Activity:
Your response to the data below should hold nothing except the lines from the one containing "Rot Gebraucht 2011" down to the one containing "img/vintage/5527/Mesa_Boogie_Triaxis_V2_Midi_1994-004.JPG", reproduced exactly and without pictures.

Material supplied:
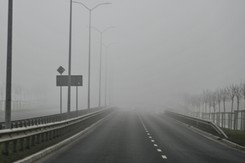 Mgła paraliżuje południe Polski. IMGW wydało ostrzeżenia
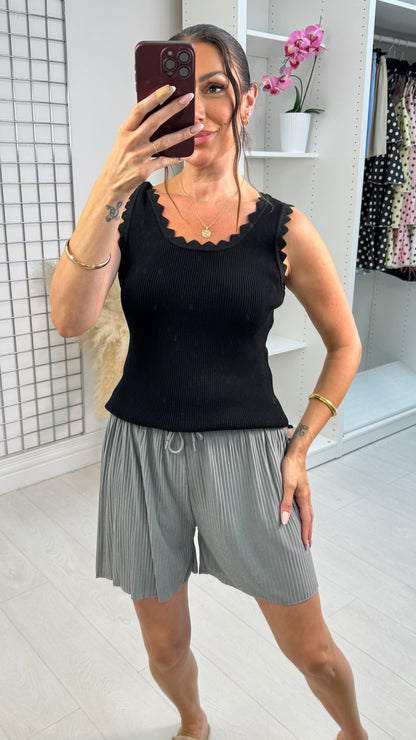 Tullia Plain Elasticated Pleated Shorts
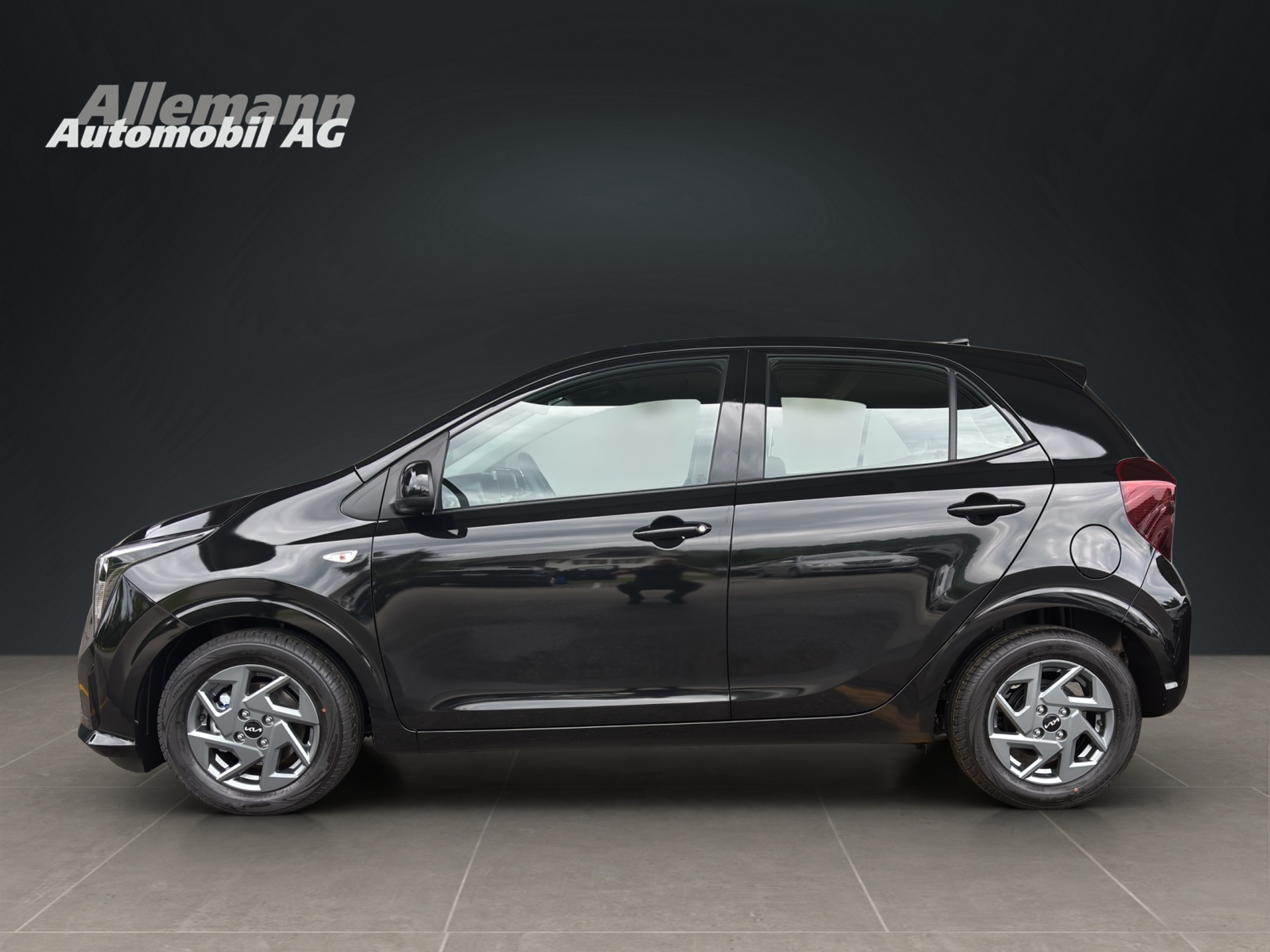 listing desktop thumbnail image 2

...

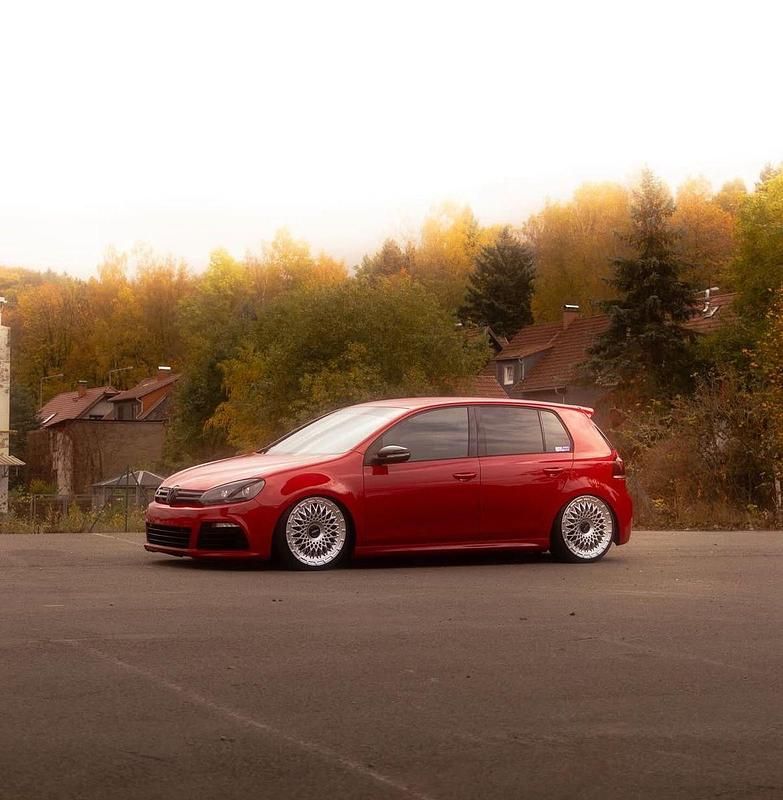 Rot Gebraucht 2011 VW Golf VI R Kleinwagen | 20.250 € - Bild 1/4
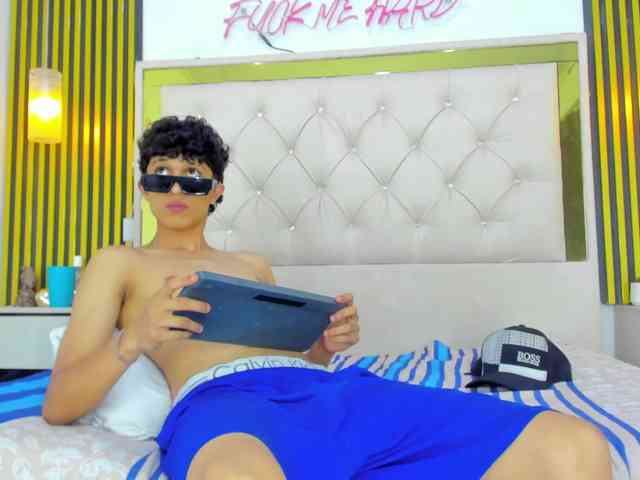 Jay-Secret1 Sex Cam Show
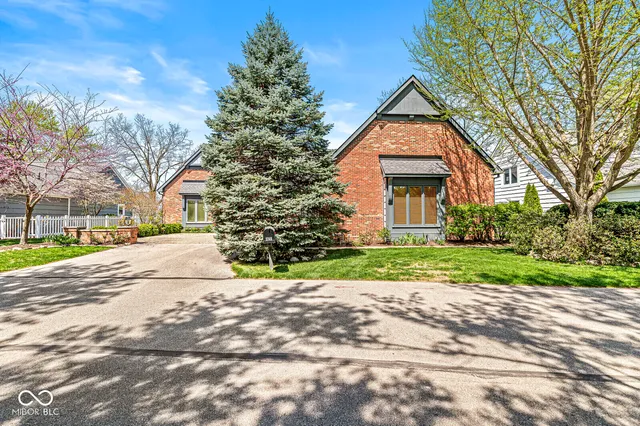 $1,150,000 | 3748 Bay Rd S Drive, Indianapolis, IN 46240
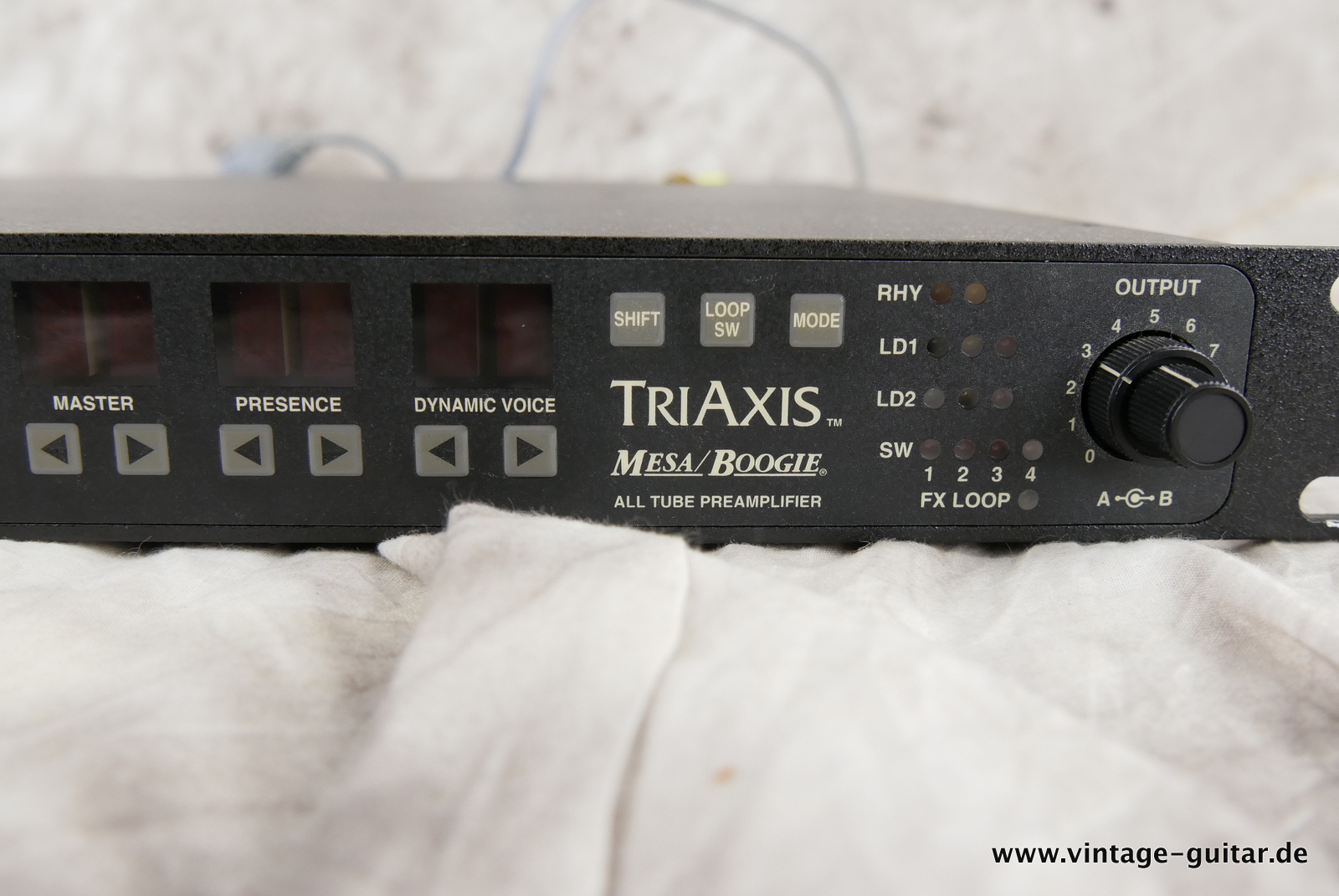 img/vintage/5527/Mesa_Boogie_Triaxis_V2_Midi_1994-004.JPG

Output for this exercise:
 Rot Gebraucht 2011 VW Golf VI R Kleinwagen | 20.250 € - Bild 1/4
 Jay-Secret1 Sex Cam Show
 $1,150,000 | 3748 Bay Rd S Drive, Indianapolis, IN 46240
 img/vintage/5527/Mesa_Boogie_Triaxis_V2_Midi_1994-004.JPG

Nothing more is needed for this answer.